Franz Kafka es por muchas razones un nombre imprescindible de la literatura universal. Obras como La metamorfosis y El proceso son paradigmas de la narrativa del siglo XX y ejercen todavía hoy una enorme influencia en escritores y artistas de todo el mundo. La capacidad de Kafka para representar con una sobriedad extrema la alienación del individuo en las sociedades modernas y el absurdo pero ubicuo poder de las grises burocracias, lo han convertido además en un autor imprescindible para entender los mecanismos psicológicos del control totalitario.
Su breve cuento “Ante la ley”, publicado inicialmente en Un médico rural (1919), es una inquietante parábola que invita a pensar en la mansedumbre y el acatamiento como obstáculos en la búsqueda de la justicia.
Ante la ley
Ante la Ley hay un guardián. Un campesino se presenta frente a este guardián, y solicita que le permita entrar en la Ley. Pero el guardián contesta que por ahora no puede dejarlo entrar. El hombre reflexiona y pregunta si más tarde lo dejarán entrar.
—Tal vez —dice el centinela—, pero no por ahora.
La puerta que da a la Ley está abierta, como de costumbre; cuando el guardián se hace a un lado, el hombre se inclina a espiar. El guardián lo ve, se sonríe y le dice:
—Si tu deseo es tan grande, haz la prueba de entrar a pesar de mi prohibición. Pero recuerda que soy poderoso. Y solo soy el último de los guardianes. Entre salón y salón también hay guardianes, cada uno más poderoso que el otro. Ya el tercer guardián es tan terrible que no puedo mirarlo siquiera.
El campesino no había previsto estas dificultades. La Ley debería ser siempre accesible para todos, piensa, pero al fijarse en el guardián, con su abrigo de pieles, su nariz grande y aguileña, su barba negra de tártaro, rala y negra, decide que le conviene más esperar. El guardián le da un escabel y le permite sentarse a un costado de la puerta.

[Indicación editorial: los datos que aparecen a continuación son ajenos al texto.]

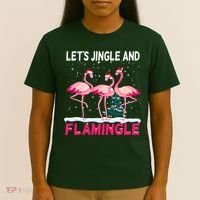 Christmas Flamingo Funny Pink Flamingle Xmas T-Shirt thumb 4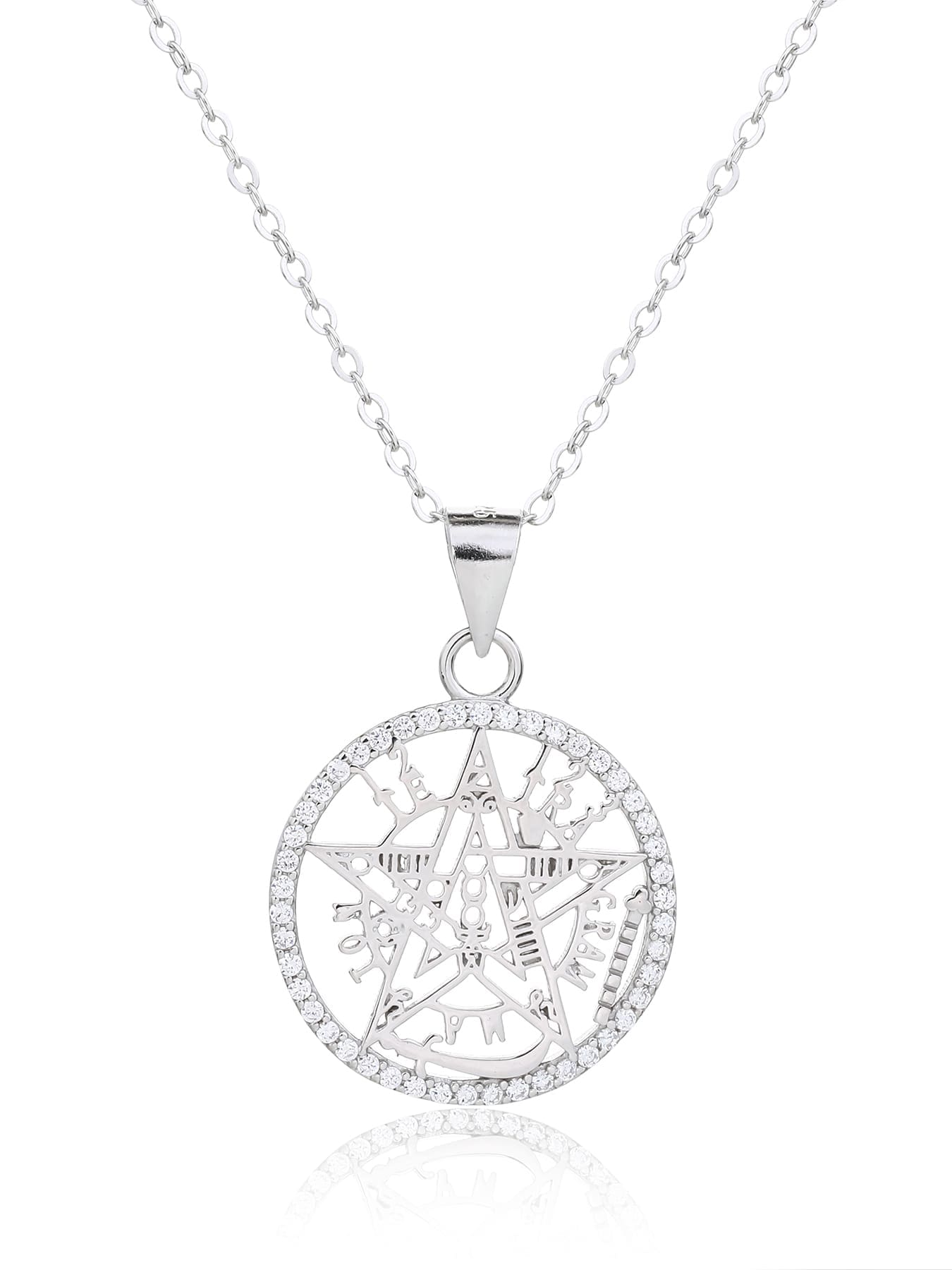 pentagram pendant with sparkling cubic zirconia in hallmarked, rhodium-plated 925 sterling silver – front view on chain – DRESCHER Jewellery®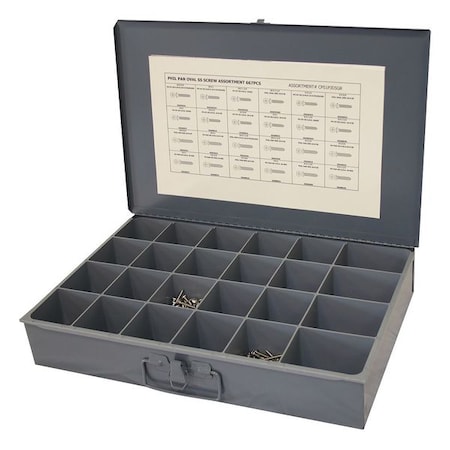Tapping Screw Assortment, #6 to #10 x Plain Finish, Steel, Oval; Pan Head Phillips Drive MPN:CPS1PJD5GR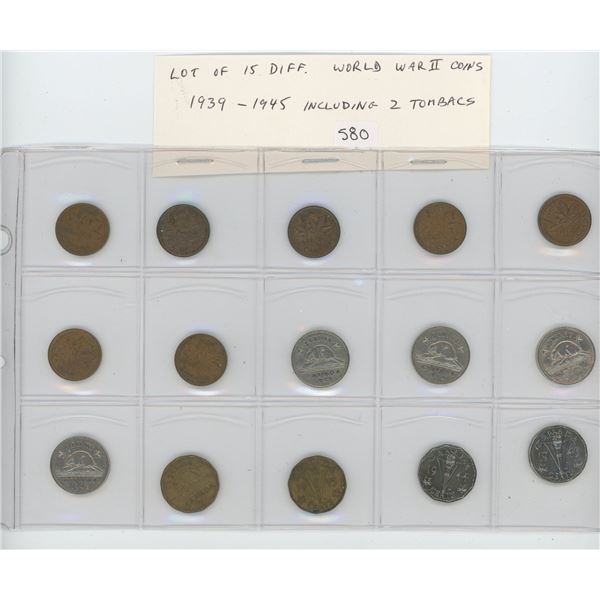 Lot of 15 different Canadian World War II coins 1939 – 1945. Includes all cents and nickels includin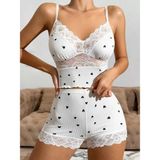 Hobilinka Kısa Şortlu Askılı Kalp Desenli Dantel Detaylı Pijama Takımı, Rahat ve Şık Ev Giyim,kadın - - - 0 - 1 Ay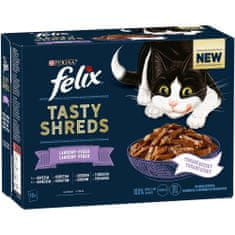Felix Tasty hrana za mačke Tasty Shreds z govedino, piščancem, lososom in tuno v soku, 72 x 80 g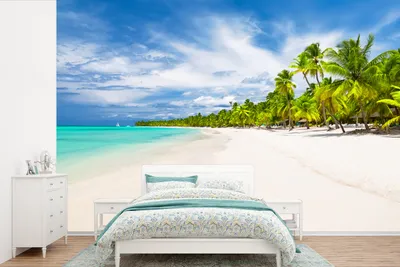 Produktbild von MuchoWow® Fototapete für Wohnzimmer oder Schlafzimmer Wandtapete Vinyl Motivtapete Strand - Meer - Palmen - 450x300 cm - Gemusterte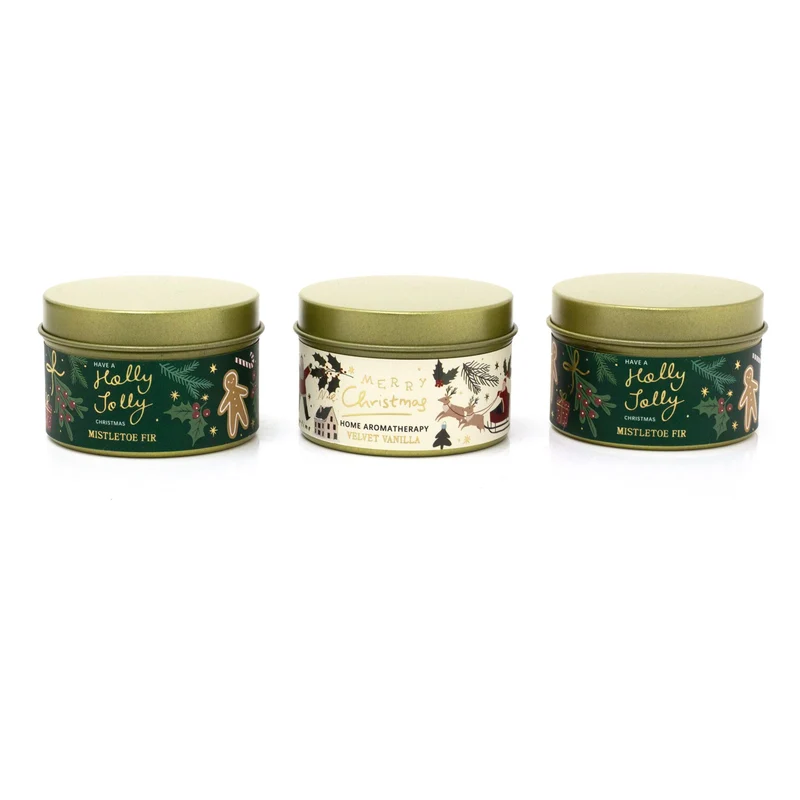 Set of 3 Christmas Scented Tin Candles | Festive Trio of Christmas Candles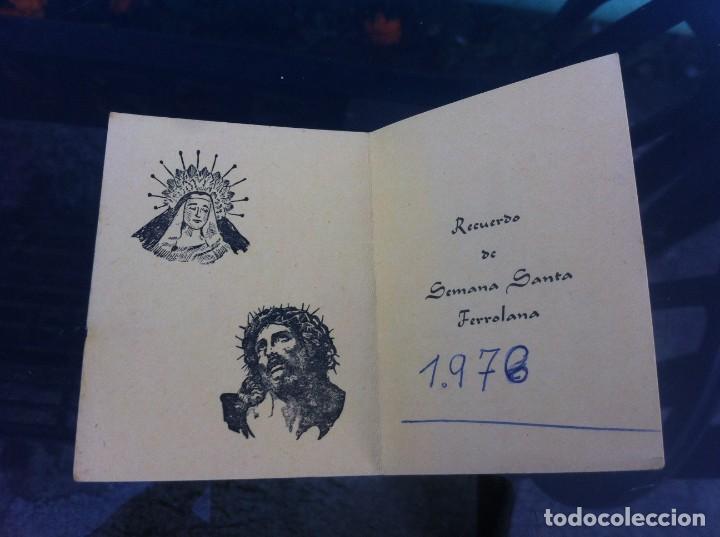 Paper Collecting Others: ESTAMPITA. RECUERDO DE SEMANA SANTA FERROLANA. FERROL. 1976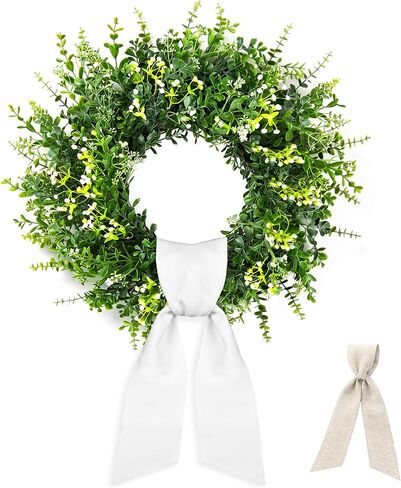 26 Inch Large Artificial Boxwood Wreath for Front Door All Season, Summer Wreaths with 2 Sashes, Baby's Breath, Eucalyptus and Flower Buds, Farmhouse Greenery Decor for Outdoor, Porch, Home in Saudi Arabia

Allí espera días y años. Intenta infinitas veces entrar y fatiga al guardián con sus súplicas. Con frecuencia el guardián conversa brevemente con él, le hace preguntas sobre su país y sobre muchas otras cosas. Pero son preguntas indiferentes, como las de los grandes señores, y, finalmente, siempre le repite que no puede dejarlo entrar.
El hombre, que se ha provisto de muchas cosas para el viaje, sacrifica todo, por valioso que sea, para sobornar al guardián. Este acepta todo, en efecto, pero le dice:
—Lo acepto para que no creas que has omitido ningún esfuerzo.
Durante esos largos años, el hombre observa casi continuamente al guardián: se olvida de los otros y le parece que este es el único obstáculo que lo separa de la Ley. Maldice su mala suerte, durante los primeros años audazmente y en voz alta; más tarde, a medida que envejece, solo murmura para sí. Retorna a la infancia, y como en su cuidadosa y larga contemplación del guardián ha llegado a conocer hasta las pulgas de su cuello de piel, también suplica a las pulgas que lo ayuden y convenzan al guardián. Finalmente, su vista se debilita, y ya no sabe si realmente hay menos luz, o si solo lo engañan sus ojos.
Pero en medio de la oscuridad se distingue un resplandor, que surge inextinguible de la puerta de la Ley. Ya le queda poco tiempo de vida. Antes de morir, todas las experiencias de esos largos años se confunden en su mente en una sola pregunta, que hasta ahora no ha formulado. Hace señas al guardián para que se acerque, ya que el rigor de la muerte comienza a endurecer su cuerpo.
El guardia se ve obligado a agacharse mucho para hablar con él, porque la disparidad de estaturas entre ambos ha aumentado bastante con el tiempo, para desmedro del campesino.
—¿Qué quieres saber ahora? —pregunta el guardián—. Eres insaciable.
—Todos se esfuerzan por llegar a la Ley —dice el hombre—; ¿cómo es posible entonces que durante tantos años nadie más que yo pretendiera entrar?
El guardián comprende que el hombre está por morir, y para que sus desfallecientes sentidos perciban sus palabras, le dice junto al oído con voz atronadora:
—Nadie podía pretenderlo, porque esta puerta era solamente para ti. Ahora voy a cerrarla.